* Material shown *

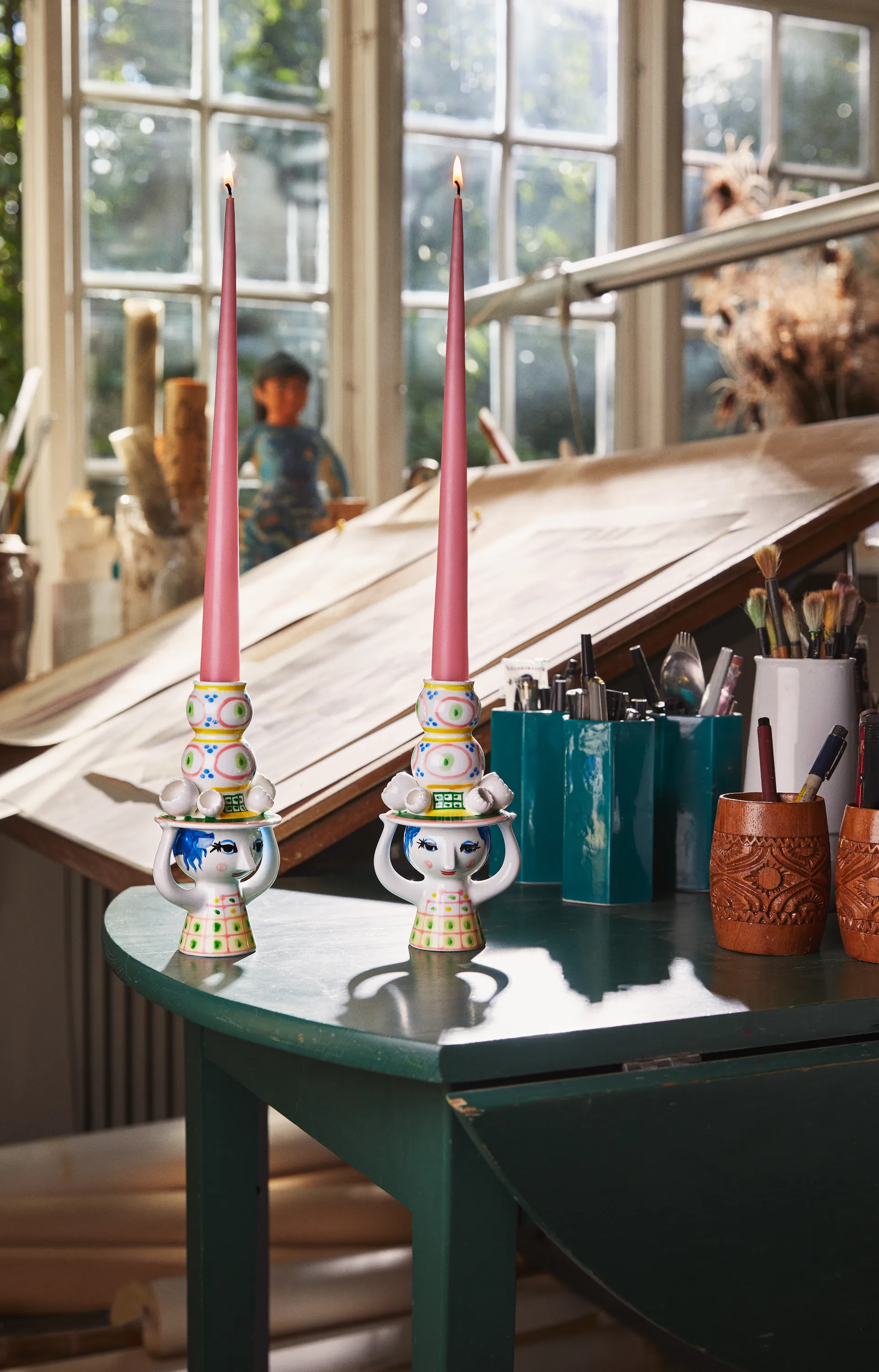 Dame med hat lysestage H16 cm, Rosa Bjørn Wiinblad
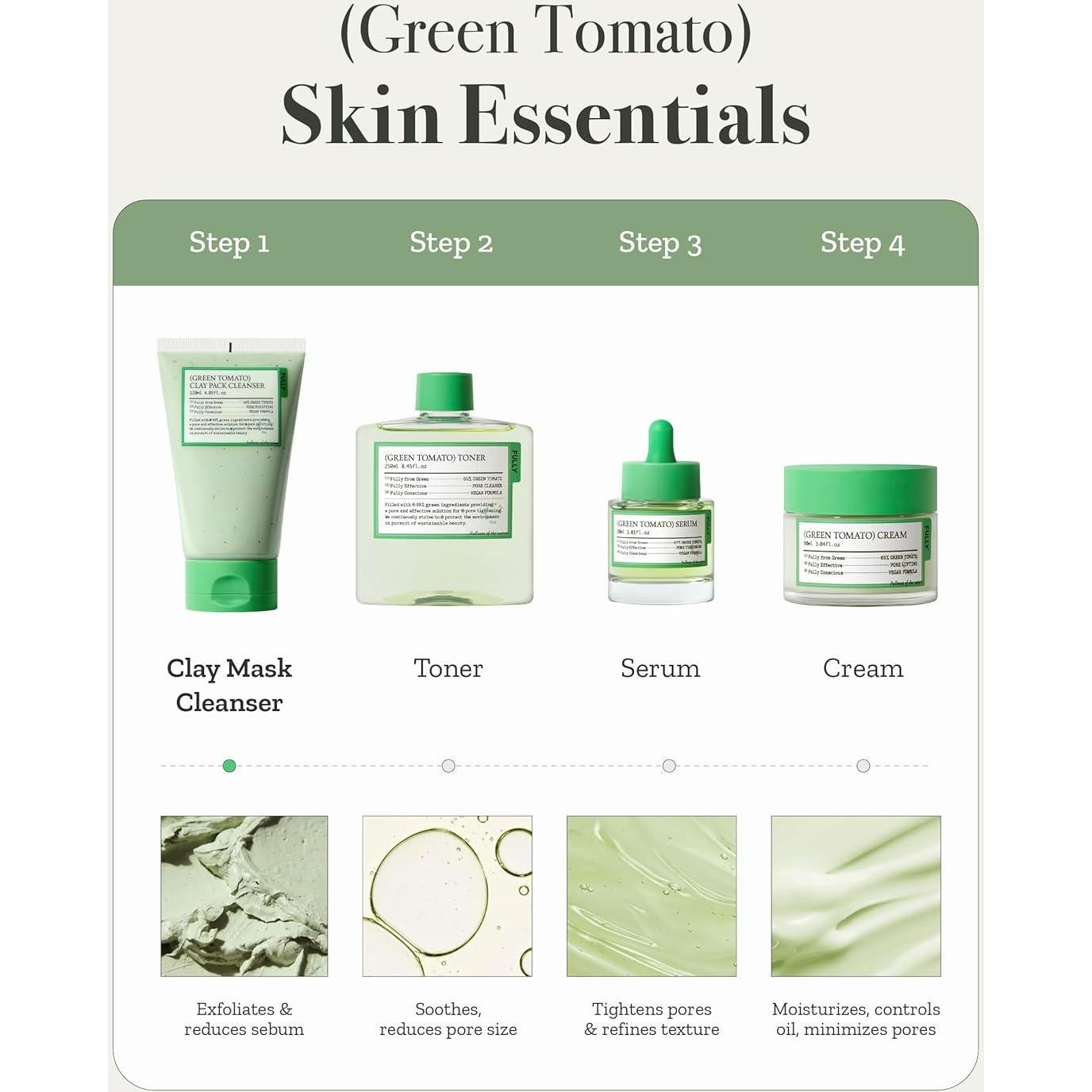 Kit de Cuidado Facial Fully con Extracto de Tomate Verde - Hidratación y Reducción de Poros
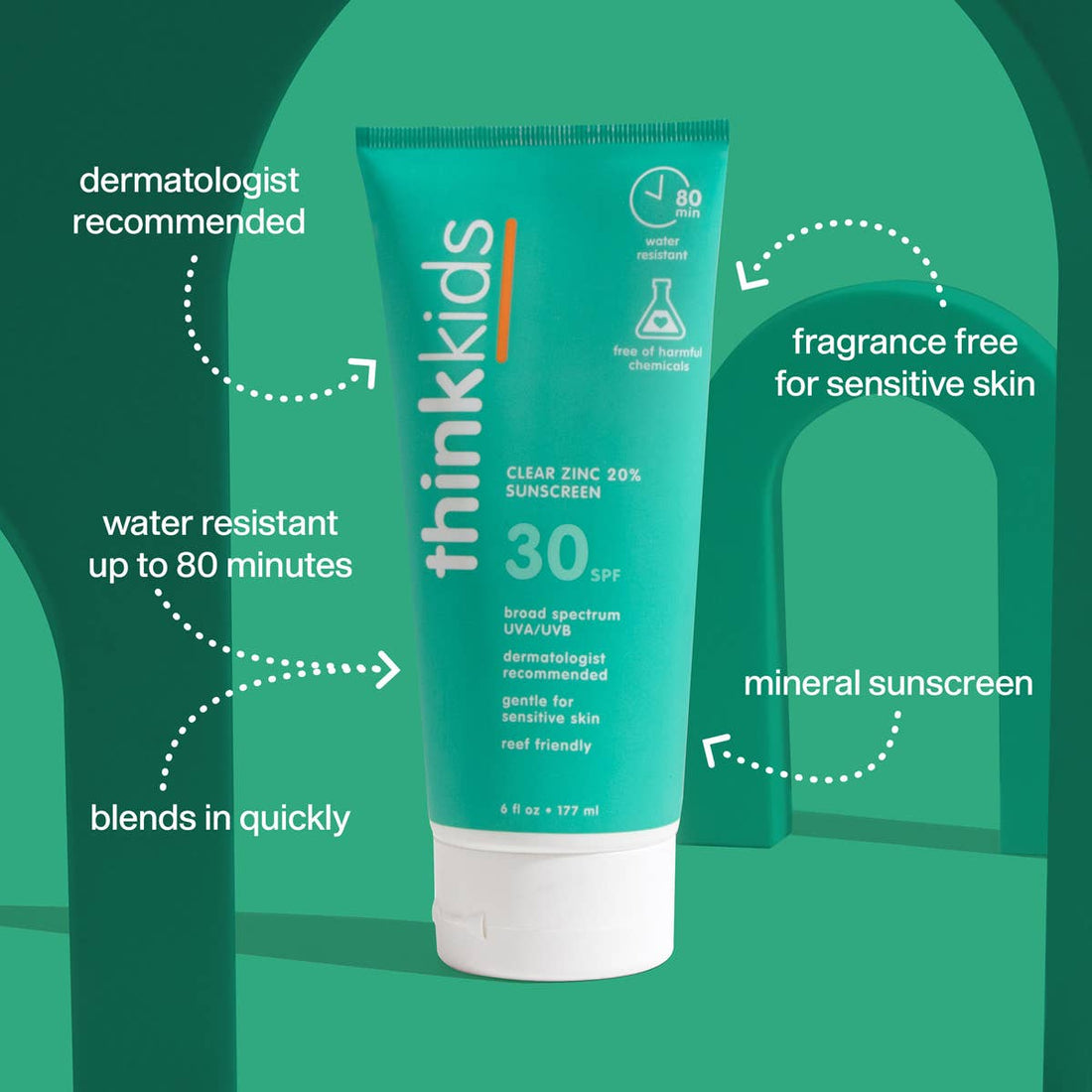 Think - Think Kids SPF 30 Clear Zinc Sunscreen 6 oz, EWG 1 - The Look and Co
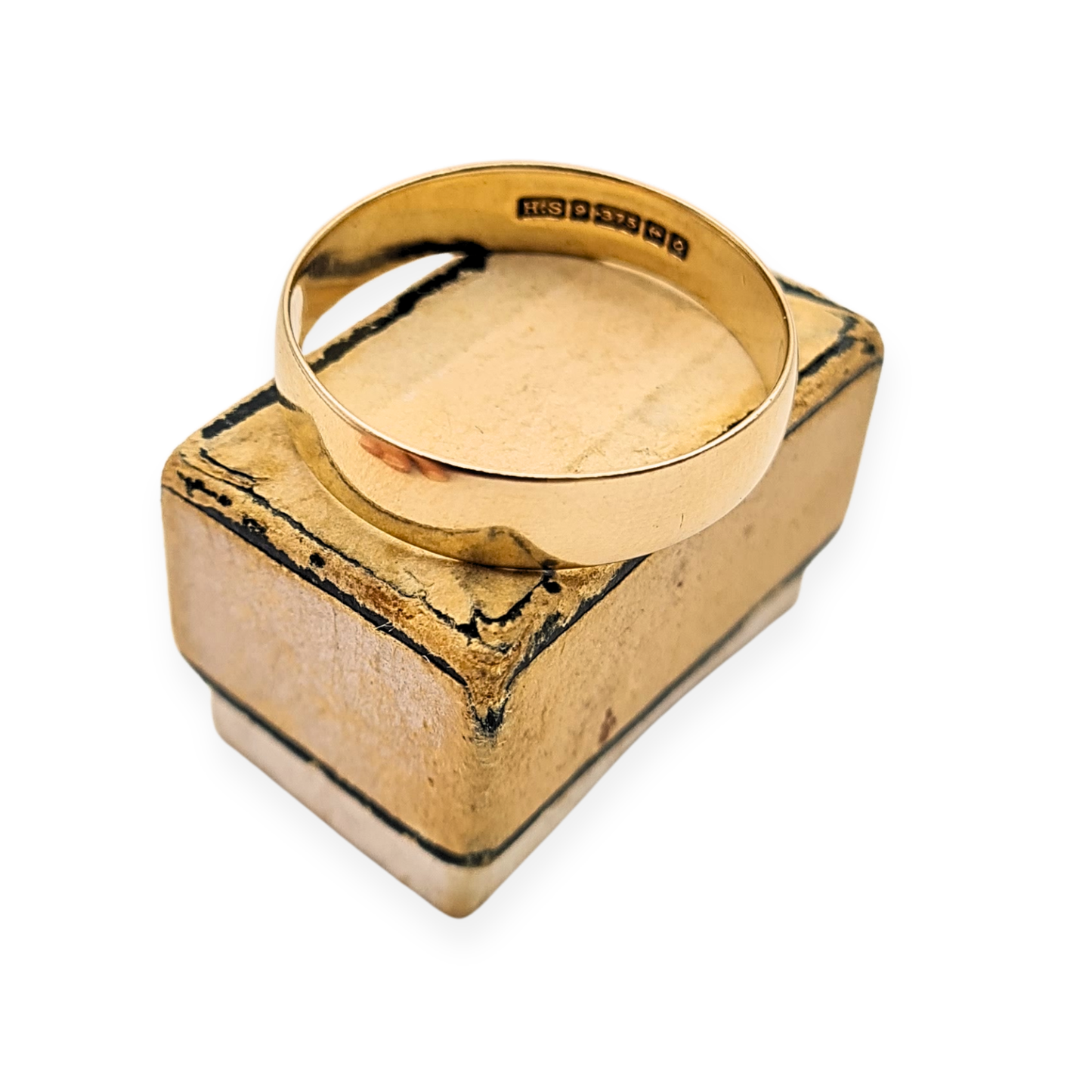 9ct Gold Wide Wedding Band Ring, UK W US 11, Birmingham 1988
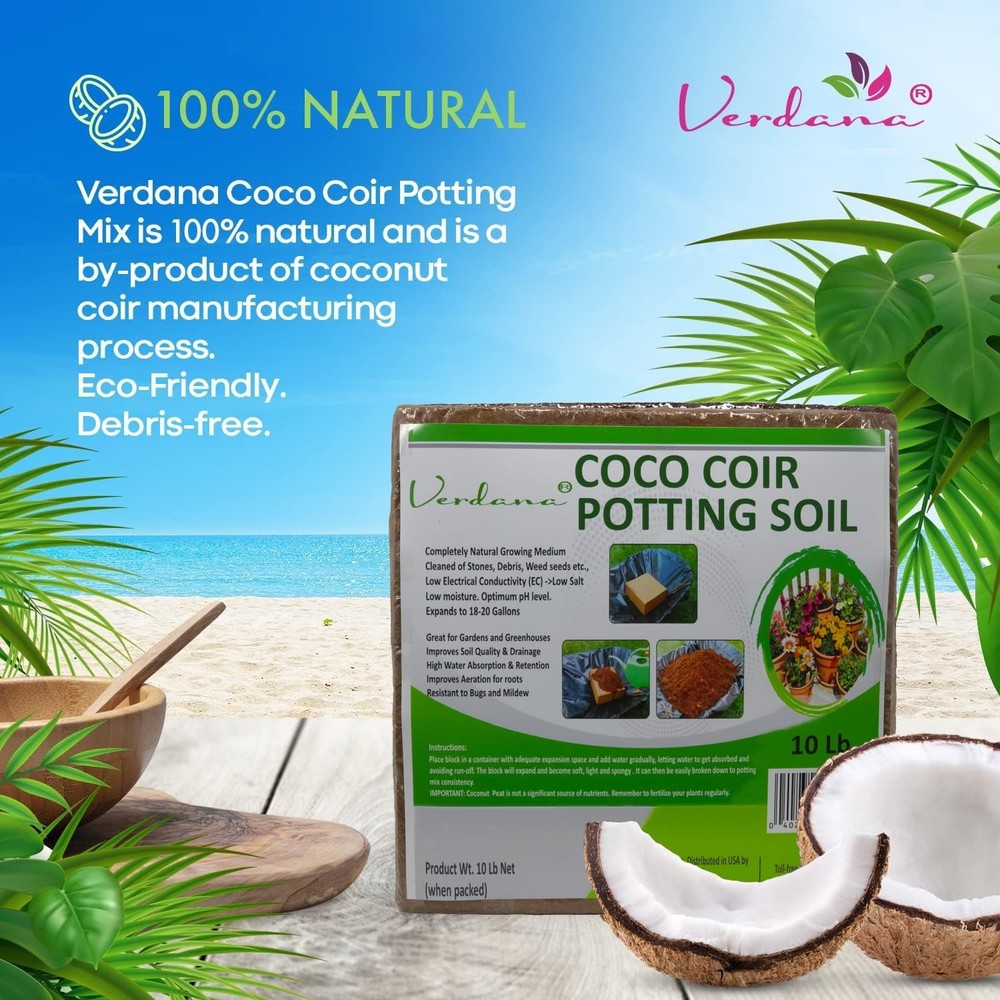 Coco Coir Soil Brick 10 Lb Peat Moss Alternative for Potting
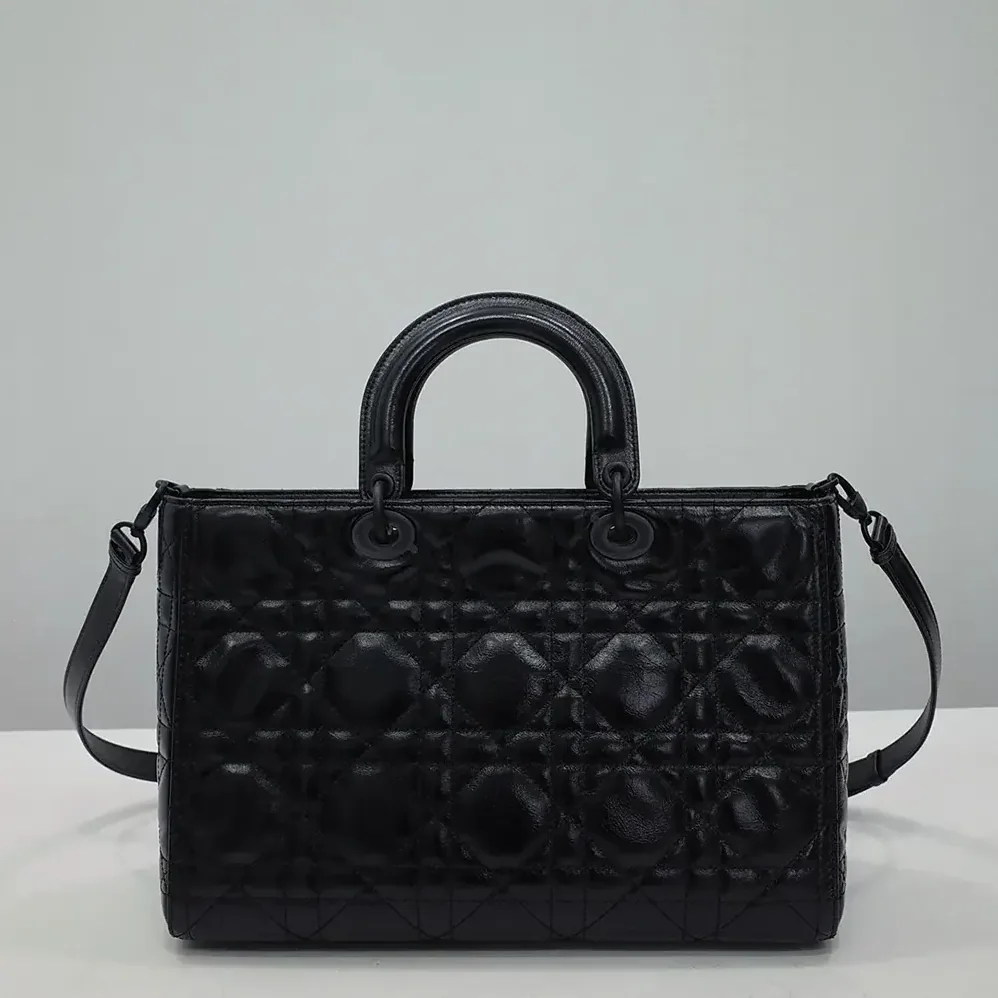 Dior Large Lady D-Sire Bag Black Macrocannage Crinkled Calfskin for Women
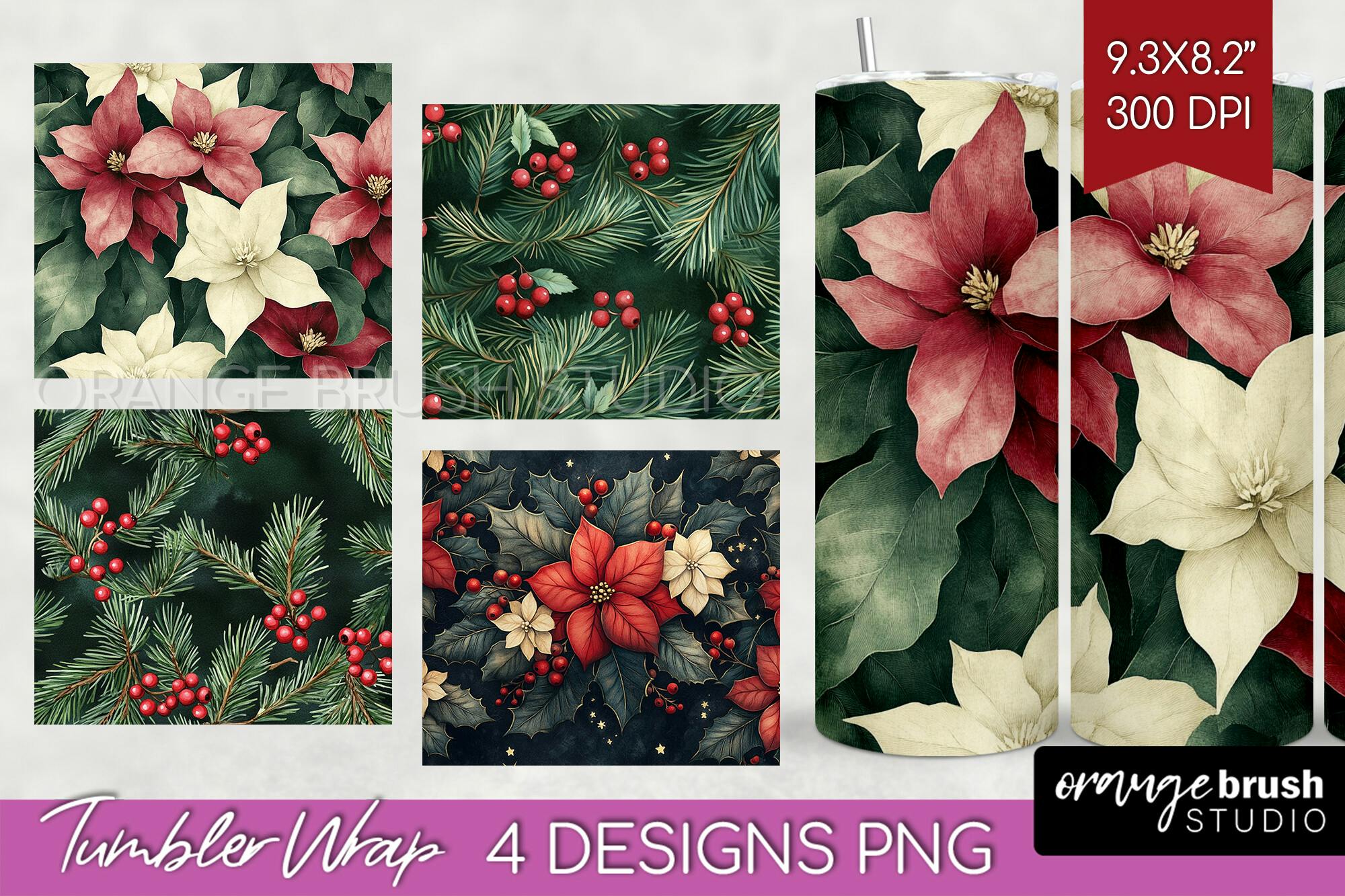 Poinsettia Tumbler Wrap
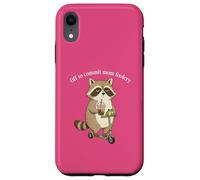 Custodia per iPhone XR Off to Commit Mom Foolery Funny Raccoon Frog, monopattino da caffè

* Aim of the task *
Restate word for word the lines above that start at the line containing "9ct Gold Wide" and run to the end of the listing; exclude the pictures.

* Answer to this problem *
 9ct Gold Wide Wedding Band Ring, UK W US 11, Birmingham 1988
 Coco Coir Soil Brick 10 Lb Peat Moss Alternative for Potting
 Dior Large Lady D-Sire Bag Black Macrocannage Crinkled Calfskin for Women
 Poinsettia Tumbler Wrap
 Custodia per iPhone XR Off to Commit Mom Foolery Funny Raccoon Frog, monopattino da caffè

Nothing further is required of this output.